A grande sacada do roteiro é não cair na armadilha do “pai bonzinho que ajuda”. André não é um coadjuvante nem um herói por trocar fralda. Ele é pai, ponto. Está presente, quer participar, mas mesmo assim a sobrecarga da mãe existe. “A gente não queria fazer um cara estereotipado, que não faz nada, ou que ajuda e acha que é sensacional por isso. Queríamos mostrar uma família que a gente já vê hoje em dia; e mesmo assim há desafios”, diz Miá.
No filme, há uma cena especialmente tocante: André conversa com o próprio pai, que criou cinco filhos sozinho depois de ficar viúvo. O conselho? “Aproveite”. Porque passa rápido. É um lembrete gentil de que cada um vai viver a paternidade (e a maternidade) do seu jeito, sem manual.

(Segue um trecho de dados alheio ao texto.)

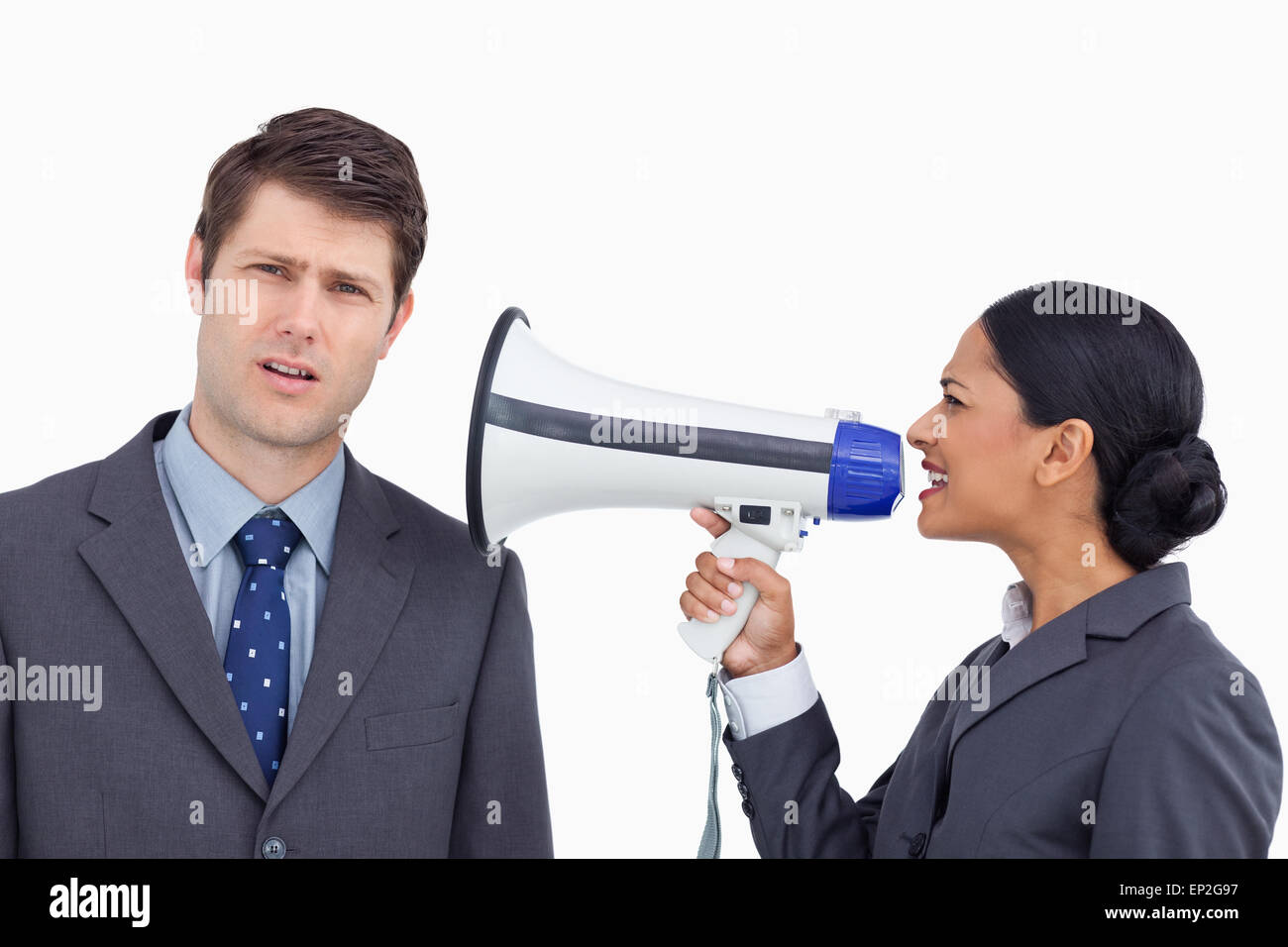 Nahaufnahme der Verkäuferin mit Megaphon schreien an Kollegen Stockfoto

Miá conta que, ao longo desses seis anos de peça, tem recebido reações profundas do público. Certa vez, foi abordada por um homem numa praça. A mulher dele apenas acenou de longe. Ele veio agradecer, dizer que tinha tido uma conversa esclarecedora com a esposa, que os dois tinham chorado e que ele havia pedido desculpas a ela. “É tão interessante pensar que a gente pode, pela arte, mostrar para mais gente o puerpério, a maternidade verdadeira”, reflete a atriz.

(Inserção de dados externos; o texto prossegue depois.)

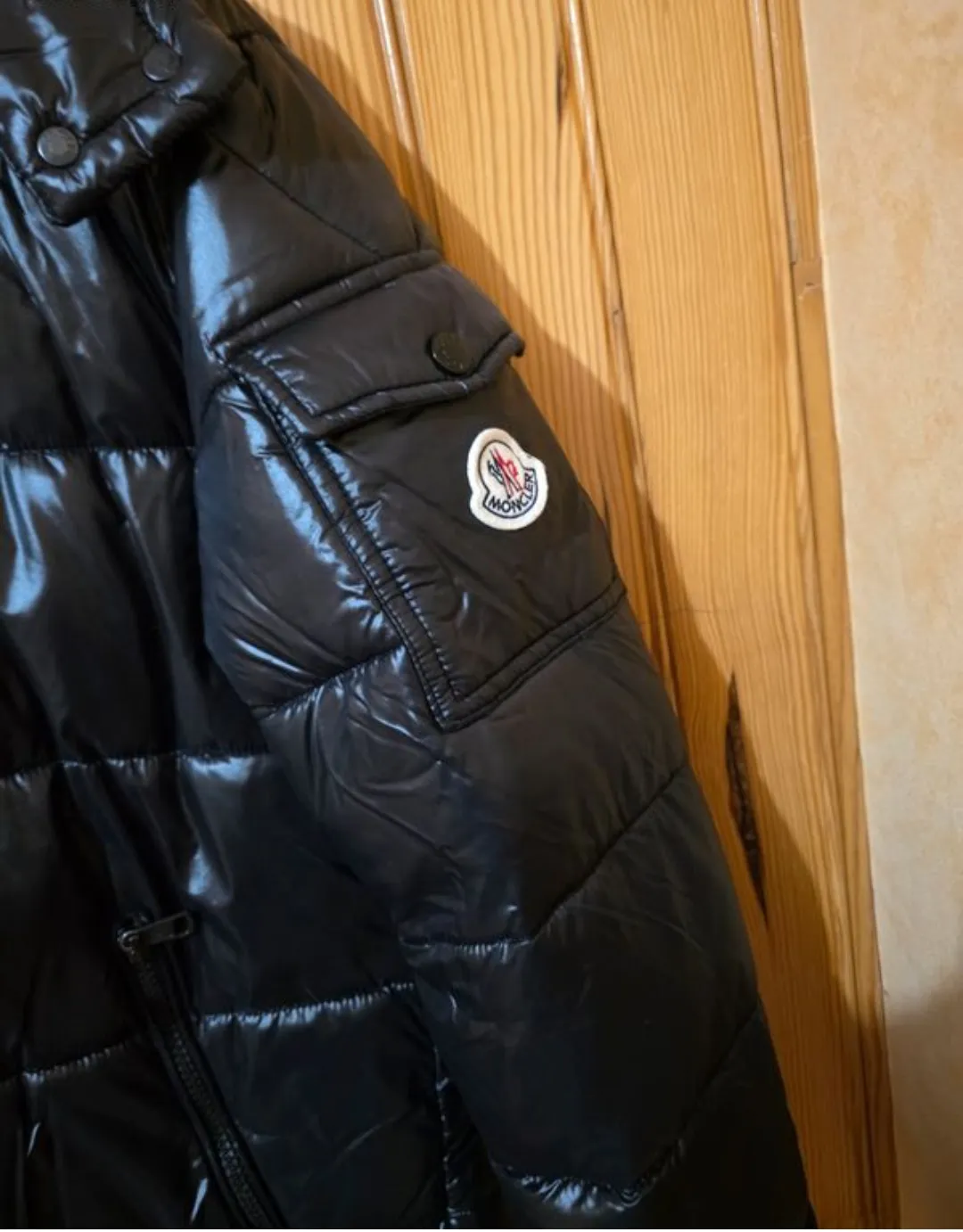 Moncler doudoune noire brillante 2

Na peça, ela sempre faz uma pergunta à plateia: “Alguém está saindo sem o bebê pela primeira vez?”. As respostas, diz, são reveladoras. “Sempre tem alguém. E todas tiveram que deixar tudo extremamente organizado para sair de casa. Não foi apenas ‘estou saindo’. Às vezes ouço ‘meu marido participa, ele só não dá banho’. Aí eu pergunto: quantos banhos o bebê toma por dia? Então são questões que a gente precisa falar cada vez mais.”
Cinema sem filtro
Mãe Fora da Caixa chega num momento em que o cinema finalmente decidiu parar de fingir que ter filho é só alegria embrulhada em lacinho. Filmes como Tully, Canina e o ainda inédito Se eu Tivesse Pernas, Eu Te Chutaria já abriram essa conversa. Agora, o Brasil coloca sua voz nesse coro – com sotaque, jeitinho e urgência próprios.

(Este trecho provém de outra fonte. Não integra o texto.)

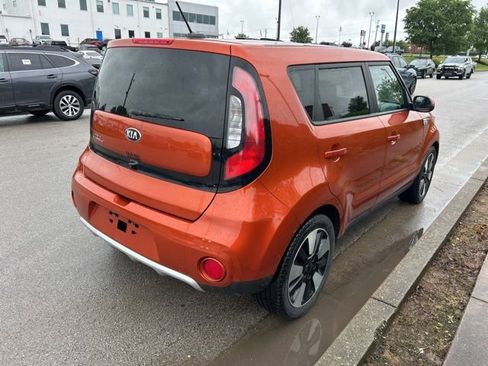 Used 2018 Kia Soul + FWD image 3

“A realidade brasileira é grave. Mais de seis milhões de certidões de nascimento sem o nome do pai. Então sim, a gente precisa falar sobre isso”, reforça Miá. Para Manuh, quanto mais filmes tratarem do assunto, melhor. “É fundamental trazer diferentes perspectivas. A maternidade sempre foi muito idealizada, e muitas vezes sob olhares masculinos. Quando a gente traz um tema contado por um olhar feminino, com uma protagonista feminina, estamos trazendo outra perspectiva. E é isso que abre diálogo.”
A diretora destaca ainda a importância de ter mulheres em posições de liderança no audiovisual brasileiro. “O Mãe Fora da Caixa sela uma participação importante das mulheres no audiovisual brasileiro, com temas femininos. A gente vem numa batalha de trazer não só o protagonismo feminino para dentro das histórias, mas também em posições de comando”, diz.